Instituto de Investigação do Medicamento (iMed.ULisboa), Universidade de Lisboa, Lisboa, Portugal.
Eur J Pharm Biopharm. 2014 Sep;88(1):48-55. doi: 10.1016/j.ejpb.2014.05.002. Epub 2014 May 20.
Ultradeformable vesicles are highly promising tools to enhance the percutaneous transport of different drugs such as tretinoin across the skin barrier and also to increase the formulation stability at absorption site and reduce the drug induced irritation.
Topical delivery of tretinoin-loaded ultradeformable vesicles (tretinoin-UDV) was evaluated concerning different studies, such as: the release and permeation profiles (tape stripping); skin penetration (fluorescence analysis); induced electrical changes in skin barrier properties; cytotoxicity (Trypan Blue assay) and skin irritation in in vivo conditions (Draize test). The novel formulation performance was also compared to a commercial tretinoin formulation regarding in vivo studies.

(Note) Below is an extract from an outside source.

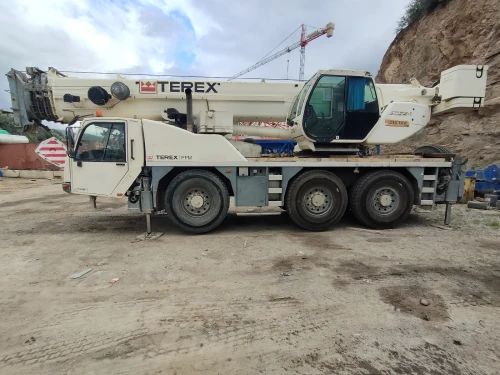 Location grue mobile terex 55t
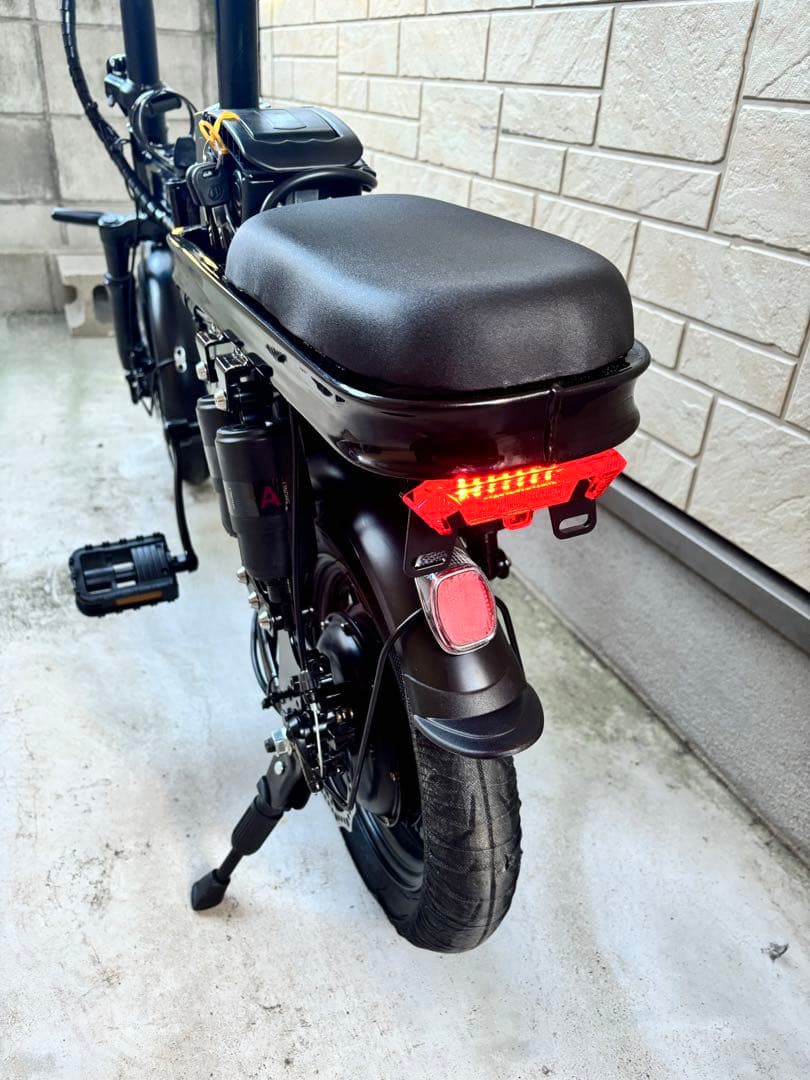 電動自転車　48V/15ah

It was obtained a sustained and controlled drug release, as expected for UDV formulation. In addition, a dermal delivery was observed regarding the permeation study since it was not detected any drug amount in the receptor phase after 24h. Nile Red-UDV stained intensively mostly in the stratum corneum, corroborating the tape stripping results. Tretinoin-UDV decreased skin resistance, suggesting its ability to induce skin barrier disruption. Finally, the formulation vehicle (empty UDV) and tretinoin-UDV were not toxic under in vitro and in vivo conditions, at least, at 5×10(-3)mg/mL and 0.5mg/mL of tretinoin, respectively.
Tretinoin-UDV is a promising delivery system for tretinoin dermal delivery without promoting skin irritation (unlike other commercial formulations), which is quite advantageous for therapeutic purpose.

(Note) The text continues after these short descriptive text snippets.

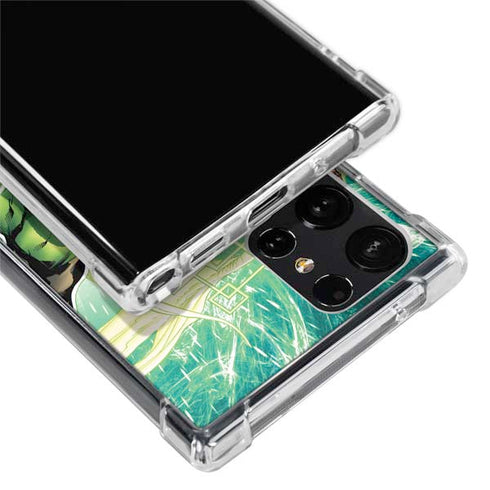 DC Comics Green Lantern Sinestro Secret Files and Origins Cover #1 By Geoff Johns Galaxy S24 Ultra Clear Case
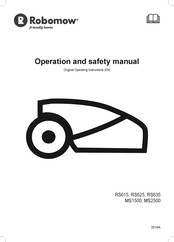 Robomow MS2500 Operation And Safety Manual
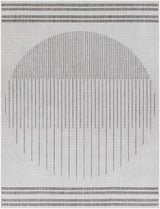 Aviya Light Gray Outdoor Area Rug - Clearance - Ornate Home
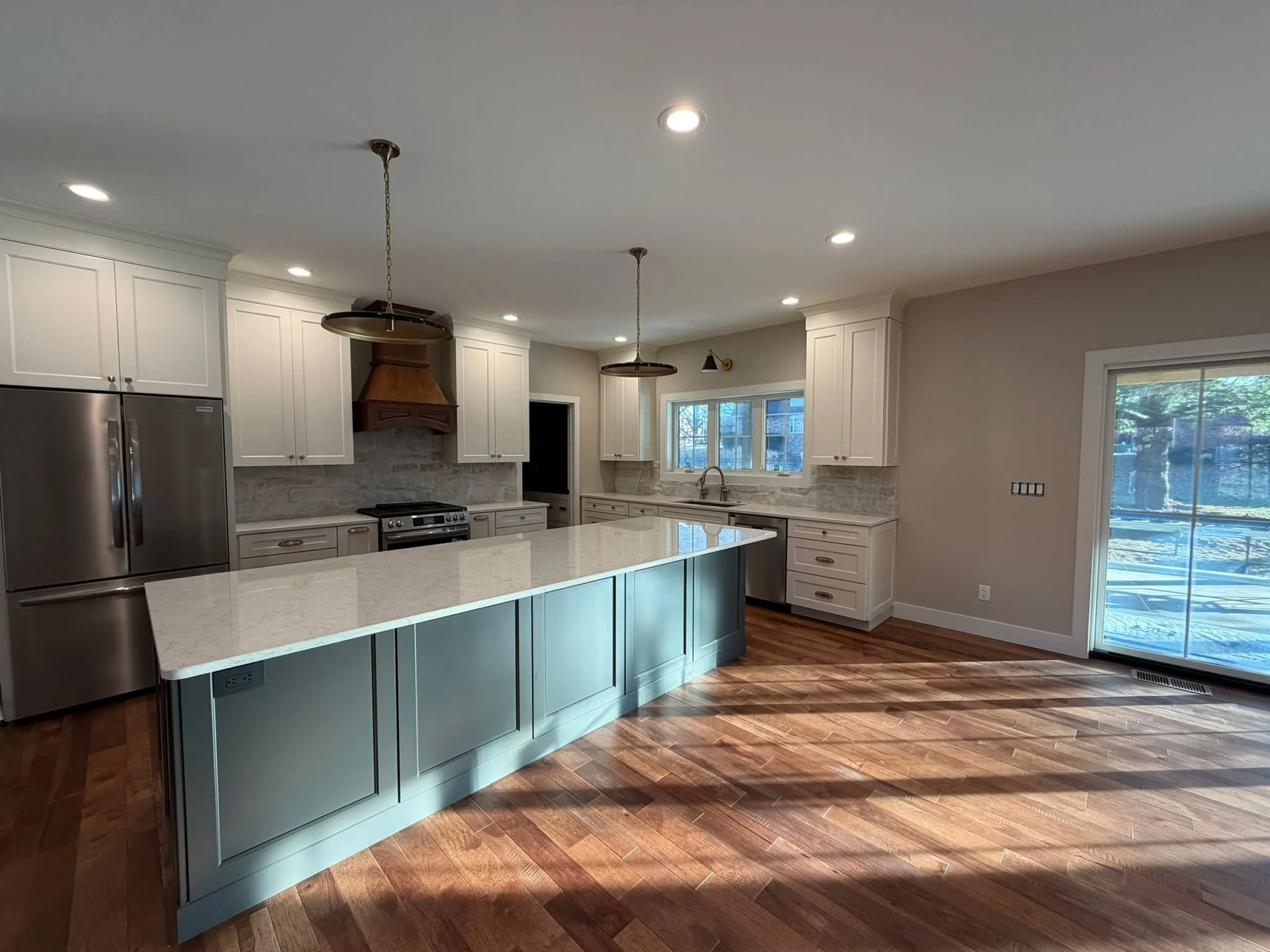 This one's getting close to done and might we say, what a stunning design and layout! Just a few finishing touches and this new home will be ready for its new owners!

超可变形囊泡是极具前景的工具,可增强不同药物(如维甲酸)经皮穿过皮肤屏障的运输能力,还能提高制剂在吸收部位的稳定性并减少药物引起的刺激。
针对不同研究评估了载维甲酸超可变形囊泡(维甲酸 - UDV)的局部给药情况,这些研究包括:释放和渗透曲线(胶带剥离法);皮肤渗透(荧光分析);皮肤屏障特性的诱导电变化;细胞毒性(台盼蓝试验)以及体内条件下的皮肤刺激性(Draize试验)。还将这种新型制剂的性能与一种市售维甲酸制剂进行了体内研究比较。
正如UDV制剂所预期的那样,实现了药物的持续和可控释放。此外,在渗透研究中观察到了真皮给药,因为在24小时后受体相中未检测到任何药物量。尼罗红 - UDV主要在角质层中强烈染色,这与胶带剥离结果相符。维甲酸 - UDV降低了皮肤电阻,表明其具有破坏皮肤屏障的能力。最后,制剂载体(空UDV)和维甲酸 - UDV在体外和体内条件下均无毒,至少分别在维甲酸浓度为5×10(-3)mg/mL和0.5mg/mL时无毒。
维甲酸 - UDV是一种有前景的维甲酸真皮给药系统,不会引起皮肤刺激(与其他市售制剂不同),这对于治疗目的非常有利。